Farris was part of the then-new team at NREL in 2008, moving over to the Alliance for Sustainable Energy from the Pacific Northwest National Laboratory, with 20 years’ experience in technology commercialization in DOE labs.

“Our sponsors at the Office of Energy Efficiency and Renewable Energy (EERE) at DOE, have a mission, so we see it is our role to help these cleantech companies because that’s in our mission space,” Farris says.

“We will help our licensees, but say there’s a battery company that didn’t have its roots in NREL, but could benefit from the association with NREL. We can help them with their techno-economic analysis,” Farris says, for example.

“We also have what we call convening power as the laboratory.
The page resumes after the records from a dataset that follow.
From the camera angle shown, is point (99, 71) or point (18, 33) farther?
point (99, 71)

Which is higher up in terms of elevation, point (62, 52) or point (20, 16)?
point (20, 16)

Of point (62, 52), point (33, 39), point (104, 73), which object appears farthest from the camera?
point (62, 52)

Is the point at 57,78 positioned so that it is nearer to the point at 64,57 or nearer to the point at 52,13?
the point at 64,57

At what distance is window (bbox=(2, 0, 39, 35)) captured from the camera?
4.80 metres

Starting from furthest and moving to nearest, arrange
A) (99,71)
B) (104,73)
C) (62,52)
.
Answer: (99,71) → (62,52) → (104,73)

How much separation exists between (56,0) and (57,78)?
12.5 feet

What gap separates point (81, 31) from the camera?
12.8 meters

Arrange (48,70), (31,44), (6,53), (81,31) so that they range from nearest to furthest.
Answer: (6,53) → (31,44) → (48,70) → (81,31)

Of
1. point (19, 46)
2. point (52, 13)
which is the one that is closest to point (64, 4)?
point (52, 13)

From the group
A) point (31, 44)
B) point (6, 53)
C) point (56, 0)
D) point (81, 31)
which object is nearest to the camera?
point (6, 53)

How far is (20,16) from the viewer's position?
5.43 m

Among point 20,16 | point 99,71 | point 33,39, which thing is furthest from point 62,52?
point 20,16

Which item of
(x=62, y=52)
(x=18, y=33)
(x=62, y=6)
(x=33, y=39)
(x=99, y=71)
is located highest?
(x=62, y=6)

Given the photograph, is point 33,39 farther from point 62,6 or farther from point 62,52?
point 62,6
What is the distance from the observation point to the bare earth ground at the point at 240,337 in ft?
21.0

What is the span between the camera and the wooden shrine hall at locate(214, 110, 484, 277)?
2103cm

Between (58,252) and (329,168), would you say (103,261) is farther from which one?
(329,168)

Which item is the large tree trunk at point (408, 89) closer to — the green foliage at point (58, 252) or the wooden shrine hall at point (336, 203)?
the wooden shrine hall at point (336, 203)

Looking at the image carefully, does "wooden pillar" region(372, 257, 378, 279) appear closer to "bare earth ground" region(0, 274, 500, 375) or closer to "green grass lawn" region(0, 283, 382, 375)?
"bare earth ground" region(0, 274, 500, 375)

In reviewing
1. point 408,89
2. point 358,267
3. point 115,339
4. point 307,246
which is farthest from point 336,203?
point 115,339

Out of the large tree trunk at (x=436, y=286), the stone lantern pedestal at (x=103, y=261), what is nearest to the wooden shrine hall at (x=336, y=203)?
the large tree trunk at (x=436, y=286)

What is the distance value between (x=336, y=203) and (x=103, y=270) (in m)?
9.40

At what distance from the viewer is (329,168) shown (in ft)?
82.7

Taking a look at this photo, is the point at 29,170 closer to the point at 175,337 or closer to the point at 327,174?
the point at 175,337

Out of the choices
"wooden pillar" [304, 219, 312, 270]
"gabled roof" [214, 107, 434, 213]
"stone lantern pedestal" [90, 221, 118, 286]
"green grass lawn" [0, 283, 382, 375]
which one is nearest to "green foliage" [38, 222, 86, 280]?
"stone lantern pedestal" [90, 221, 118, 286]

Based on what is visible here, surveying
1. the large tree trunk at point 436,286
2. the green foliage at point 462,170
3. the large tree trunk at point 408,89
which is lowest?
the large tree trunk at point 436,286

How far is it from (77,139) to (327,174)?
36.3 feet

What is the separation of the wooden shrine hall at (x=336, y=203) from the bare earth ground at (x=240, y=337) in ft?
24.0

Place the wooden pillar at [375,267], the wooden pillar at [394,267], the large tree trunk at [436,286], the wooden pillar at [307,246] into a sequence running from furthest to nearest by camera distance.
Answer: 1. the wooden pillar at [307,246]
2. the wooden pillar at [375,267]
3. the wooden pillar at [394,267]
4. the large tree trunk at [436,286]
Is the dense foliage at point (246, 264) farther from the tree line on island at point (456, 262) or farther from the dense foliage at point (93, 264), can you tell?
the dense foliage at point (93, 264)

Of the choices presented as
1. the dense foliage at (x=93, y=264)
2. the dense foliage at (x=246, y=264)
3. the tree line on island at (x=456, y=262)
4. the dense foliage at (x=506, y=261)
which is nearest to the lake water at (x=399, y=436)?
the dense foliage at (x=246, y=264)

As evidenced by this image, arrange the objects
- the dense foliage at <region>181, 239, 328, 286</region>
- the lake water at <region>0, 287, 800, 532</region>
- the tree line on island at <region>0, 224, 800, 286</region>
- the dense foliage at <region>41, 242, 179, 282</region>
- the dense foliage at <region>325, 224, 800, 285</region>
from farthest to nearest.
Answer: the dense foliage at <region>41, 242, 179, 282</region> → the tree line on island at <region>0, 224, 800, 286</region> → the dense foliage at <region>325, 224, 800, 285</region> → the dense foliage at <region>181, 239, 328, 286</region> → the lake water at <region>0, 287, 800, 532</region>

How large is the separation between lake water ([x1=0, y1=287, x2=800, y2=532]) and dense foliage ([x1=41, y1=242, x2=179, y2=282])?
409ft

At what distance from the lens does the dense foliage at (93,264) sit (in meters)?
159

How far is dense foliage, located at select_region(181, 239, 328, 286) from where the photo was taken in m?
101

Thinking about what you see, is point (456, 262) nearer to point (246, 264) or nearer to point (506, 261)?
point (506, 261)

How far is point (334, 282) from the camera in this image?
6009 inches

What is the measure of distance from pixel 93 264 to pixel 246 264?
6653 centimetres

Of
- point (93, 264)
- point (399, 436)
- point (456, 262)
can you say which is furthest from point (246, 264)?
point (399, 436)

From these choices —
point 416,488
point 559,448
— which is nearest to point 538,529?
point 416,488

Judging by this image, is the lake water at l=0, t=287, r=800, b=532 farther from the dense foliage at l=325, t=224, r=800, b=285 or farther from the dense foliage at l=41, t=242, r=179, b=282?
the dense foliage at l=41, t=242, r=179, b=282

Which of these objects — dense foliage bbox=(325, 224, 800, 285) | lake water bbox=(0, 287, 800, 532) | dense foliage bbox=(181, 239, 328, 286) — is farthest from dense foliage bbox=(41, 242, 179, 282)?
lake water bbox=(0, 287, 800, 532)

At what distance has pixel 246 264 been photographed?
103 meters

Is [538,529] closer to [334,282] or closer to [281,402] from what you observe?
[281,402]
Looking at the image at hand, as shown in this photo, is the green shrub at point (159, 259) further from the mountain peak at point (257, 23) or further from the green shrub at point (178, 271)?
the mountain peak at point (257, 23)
A lot of people look to NREL, and a lot of investors and other people who are interested in renewable energy businesses will call us up and come to events that we sponsor.”
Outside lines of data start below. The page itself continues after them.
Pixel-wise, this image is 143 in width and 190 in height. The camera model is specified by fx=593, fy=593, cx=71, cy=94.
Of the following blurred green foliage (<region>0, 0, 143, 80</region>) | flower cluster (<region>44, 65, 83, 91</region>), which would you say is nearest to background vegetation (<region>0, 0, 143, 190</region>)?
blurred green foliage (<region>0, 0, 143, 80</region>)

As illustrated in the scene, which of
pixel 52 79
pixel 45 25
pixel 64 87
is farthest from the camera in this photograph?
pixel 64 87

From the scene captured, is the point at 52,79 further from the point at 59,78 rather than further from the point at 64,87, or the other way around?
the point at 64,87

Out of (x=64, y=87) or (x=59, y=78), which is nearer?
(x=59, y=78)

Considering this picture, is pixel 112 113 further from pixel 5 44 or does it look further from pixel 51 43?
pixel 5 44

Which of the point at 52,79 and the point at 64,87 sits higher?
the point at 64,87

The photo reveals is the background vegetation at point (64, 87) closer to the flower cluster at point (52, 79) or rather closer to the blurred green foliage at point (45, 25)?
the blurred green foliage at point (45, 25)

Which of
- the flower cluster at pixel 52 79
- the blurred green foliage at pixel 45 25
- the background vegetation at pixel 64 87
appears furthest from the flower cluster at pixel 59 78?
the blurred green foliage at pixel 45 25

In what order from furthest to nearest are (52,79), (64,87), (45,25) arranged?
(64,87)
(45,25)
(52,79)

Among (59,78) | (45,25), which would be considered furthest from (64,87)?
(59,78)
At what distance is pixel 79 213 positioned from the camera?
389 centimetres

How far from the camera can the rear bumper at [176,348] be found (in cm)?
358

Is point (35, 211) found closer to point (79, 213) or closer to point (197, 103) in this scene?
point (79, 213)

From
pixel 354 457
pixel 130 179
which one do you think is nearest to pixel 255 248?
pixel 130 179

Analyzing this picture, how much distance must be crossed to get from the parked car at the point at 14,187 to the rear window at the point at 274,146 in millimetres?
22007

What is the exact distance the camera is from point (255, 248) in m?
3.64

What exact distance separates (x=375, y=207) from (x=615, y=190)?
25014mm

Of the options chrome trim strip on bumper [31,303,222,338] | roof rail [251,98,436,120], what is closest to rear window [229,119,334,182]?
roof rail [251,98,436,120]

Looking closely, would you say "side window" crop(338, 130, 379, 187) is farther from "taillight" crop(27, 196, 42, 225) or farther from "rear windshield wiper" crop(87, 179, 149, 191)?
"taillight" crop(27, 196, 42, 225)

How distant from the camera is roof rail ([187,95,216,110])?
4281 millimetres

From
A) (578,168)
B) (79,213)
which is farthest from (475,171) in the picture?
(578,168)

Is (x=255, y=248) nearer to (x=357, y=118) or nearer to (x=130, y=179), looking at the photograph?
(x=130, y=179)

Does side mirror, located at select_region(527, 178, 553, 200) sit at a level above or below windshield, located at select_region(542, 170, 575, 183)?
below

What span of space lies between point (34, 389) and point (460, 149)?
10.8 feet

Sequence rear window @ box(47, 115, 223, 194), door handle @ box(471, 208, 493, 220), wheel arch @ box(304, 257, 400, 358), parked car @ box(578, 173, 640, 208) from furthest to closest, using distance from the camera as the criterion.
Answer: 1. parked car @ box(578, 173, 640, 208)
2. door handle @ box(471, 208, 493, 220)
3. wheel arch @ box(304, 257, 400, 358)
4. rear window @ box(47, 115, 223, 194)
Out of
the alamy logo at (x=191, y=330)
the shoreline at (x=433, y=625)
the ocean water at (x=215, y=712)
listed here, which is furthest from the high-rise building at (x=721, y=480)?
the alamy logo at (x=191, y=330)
A good case is NREL and CREED’s upcoming 25th Annual Industry Growth Forum. “That’s a really good example of where we use our convening power,” says Farris.

Right at the same time Farris’ team was formulating CREED and cleantech commercialization, Matt Ringer, NREL commercialization program manager in Golden, was planning one of CREED’s least conspicuous, most creative, commercial outreach programs.

That program, the Energy Innovation Portal in all its glory, can be seen at techportal.eere.energy.gov.

“In fiscal year 2007, the Energy Policy Act of 2005 finally was taking effect, and in it there was a fund that came from a 0.9 percent tax on all the DOE programs,” says Ringer. “The intent was to use that fund to do commercialization, to work with companies, to move technologies to the marketplace.”

So when the Alliance for Sustainable Energy applied for the NREL contract, it offered some creative ideas on how to move more laboratory technologies to the marketplace, “some unique ideas for commercialization and technology,” Ringer says.

One of the ideas that came up through that proposal was something called the energy information portal or the intellectual property portal.

“The idea was that through DOE funding you could go to the U.S. Patent and Trademark Office and find out that more than 16,000 patents and patent applications have been created through DOE funding” Ringer says. “Four years ago on October 1 we pitched the idea of this portal concept to EERE and they loved the concept.”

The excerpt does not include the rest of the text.